What you need to do
From the line that contains "this 640×480 image." down to the last line of the entries, repeat every line exactly. Do not carry over the pictures.

The data

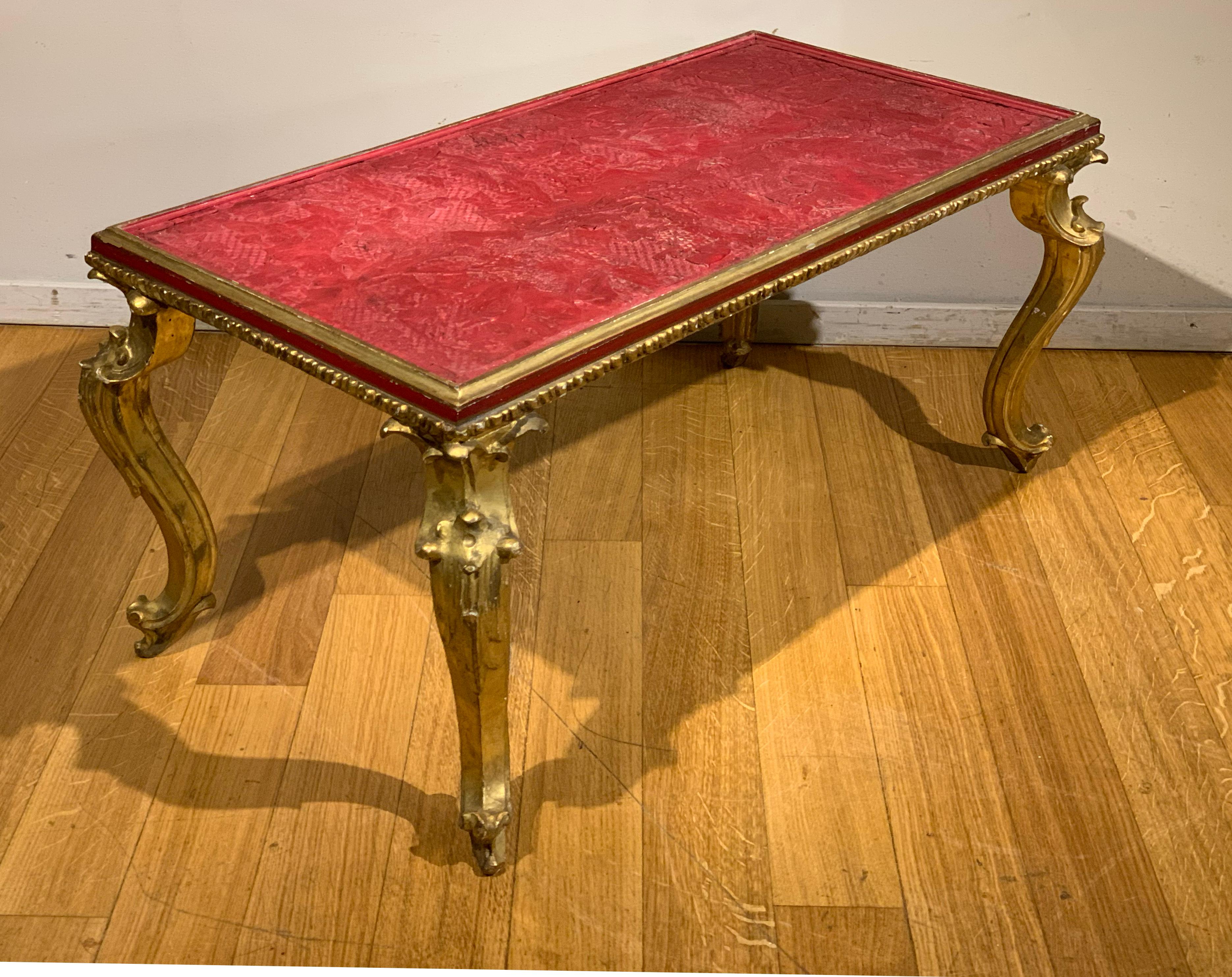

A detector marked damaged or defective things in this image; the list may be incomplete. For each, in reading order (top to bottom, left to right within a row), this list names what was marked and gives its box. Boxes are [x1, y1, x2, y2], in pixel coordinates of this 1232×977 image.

chipped baseboard paint [5, 280, 1227, 350]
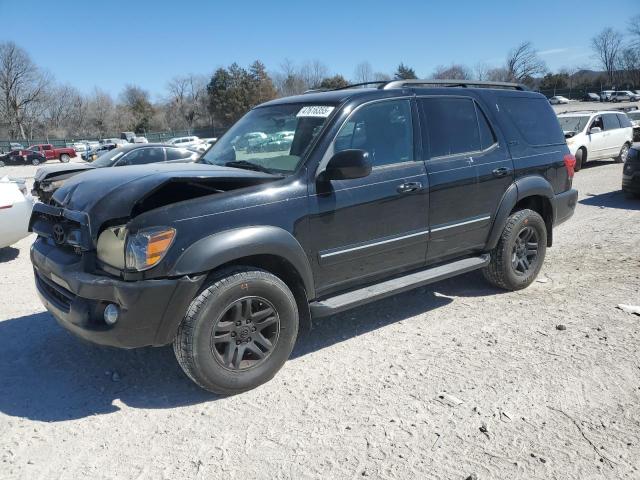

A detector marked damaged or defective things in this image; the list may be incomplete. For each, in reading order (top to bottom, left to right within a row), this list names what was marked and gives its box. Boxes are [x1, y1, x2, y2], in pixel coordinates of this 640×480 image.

crumpled hood [50, 162, 278, 239]
broken headlight [125, 227, 176, 272]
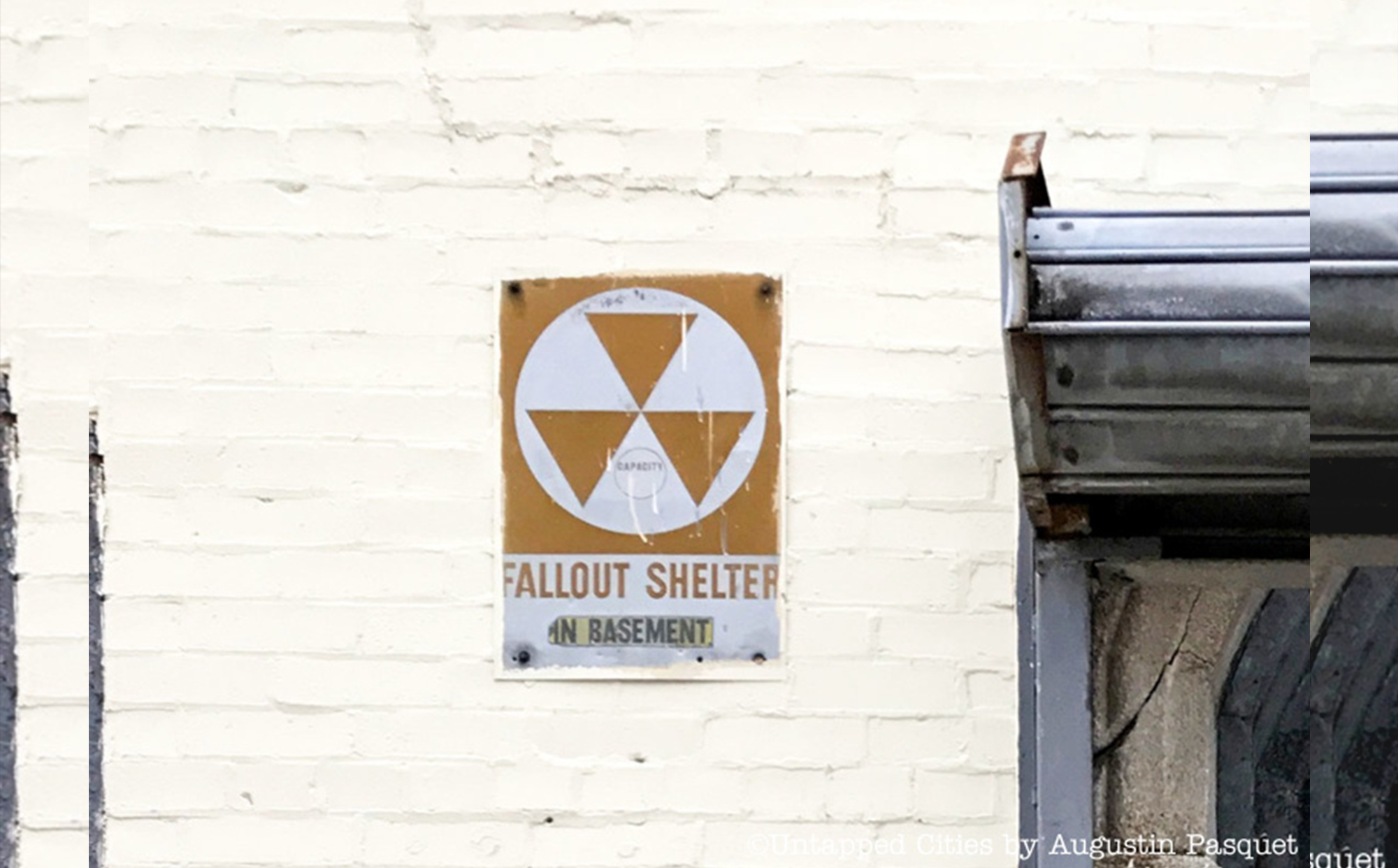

Response to this task
A detector marked damaged or defective things in this image; the list may be incomplete. For each, in reading order (top to bottom, left to right within a row), this list names what was marked and gives its box. Boxes are [x1, y1, x2, y2], in pixel coordinates of this 640×480 image.

crumpled hood [50, 162, 278, 239]
broken headlight [125, 227, 176, 272]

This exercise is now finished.